Размер шрифта
-
+

Слепая бабочка - стр. 80

– Далеко не пойду, – предупредила она на всякий случай.

– А далеко и не надо. Осторожно, тут ступенька. А тут пол провалился. Ступай за мной, по стеночке.

Пахло сырой трухой. Гнильём. Старыми тряпками и мышами. А ещё дымом. Должно быть, ночной брат прихватил для света горящую щепку.

– Ты меня что, в избу тащишь?

– Не тащу, а позвал. Всё. Пришли.

– Ну и что? Что ты… кхм… показать хотел?

– Тебя.

– Что?!

– Я хотел показать тебе тебя.

– Э… ты это… Бенедиктову флягу нашёл? Да нет… не пахнет вроде.

– Не вертись. Тут пол слабый.

К дыму и мышам добавился новый запах.

– Свечка, – определила Арлетта, – дорогая, восковая. Колдовать будешь?

– Да не вертись. Постой смирно.

Арлетту осторожно взяли за плечи, повернули. На глаза, как в игре «Угадай, кто?», легли жёсткие руки ночного брата.

– Теперь смотри.

Хотелось засмеяться, обозвать проклятого колдуна как нельзя хуже и…

Два дрожащих огонька. Нет, четыре. Два настоящих, а ещё два как в тумане. Два оплывших свечных огарка горят – отражаются в стоящем на столе зеркале. Зеркало тусклое, с выбитым уголком, в тёмной грязноватой рамке. В зеркале – отражение. Непонятное какое-то, странное. Шевелится что-то. Вроде человек, вот только с лицом у него что-то не то. Как будто его нет, лица-то.

– Ой!

– Видишь что-нибудь? – спросил ночной брат.

– Ой! А как это?

– Ты видишь моими глазами. Фокус такой, воровской. Чтоб высматривать, где что плохо лежит. Никакого колдовства, честное слово.

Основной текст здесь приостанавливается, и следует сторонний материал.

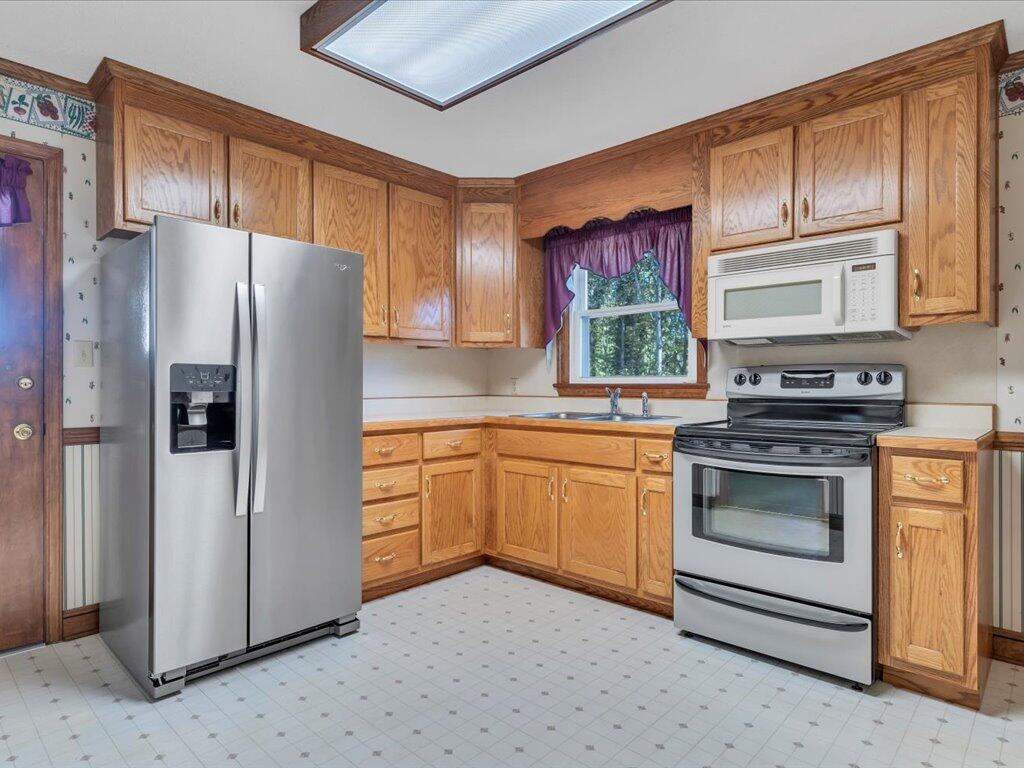 611 Murphy Road Collinsville, VA 24078 - Photo 9 of 38 09-MIB05104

Спокойно так сказал, лениво. Будто ничего особенного не происходит. Арлетта, которой очень хотелось визжать и кусаться, решила пока этого не делать.

– Э… А что я вижу?

– То же, что и я. Хорошее зеркало. Видно, до войны они тут неплохо жили. Богато.

Немного успокоенная этими посторонними рассуждениями, Арлетта пригляделась к отражению. Лицо у отражения определённо имелось, только почти скрытое широкими мужскими ладонями. Снизу упрямо торчал загорелый подбородок с косой свежей царапиной, сверху – короткие неровные пряди тёмных волос. Вели они себя своенравно: те, что покороче, свирепо топорщились в разные стороны, те, что подлиннее, спадали вниз мягкими волнами.

– Это я, что ли? – неуверенно спросила Арлетта.

– С утра была ты.

Да уж. Арлетта осторожно протянула руку, потрогала любимое украшение – свисавшую слева тонкую косичку с туго вплетёнными красными бусинками. Память о маме Катерине. Канатная плясунья заплетала её, сколько себя помнила, и очень ею гордилась. Под пальцами скользили гладкие кругляшки со всеми знакомыми щербинками и царапинами.

Отражение сделало то же. Протянуло очень худую, исцарапанную руку и коснулось косички. Бусинки… Истёртое серенькое дерево с жалкими следами краски.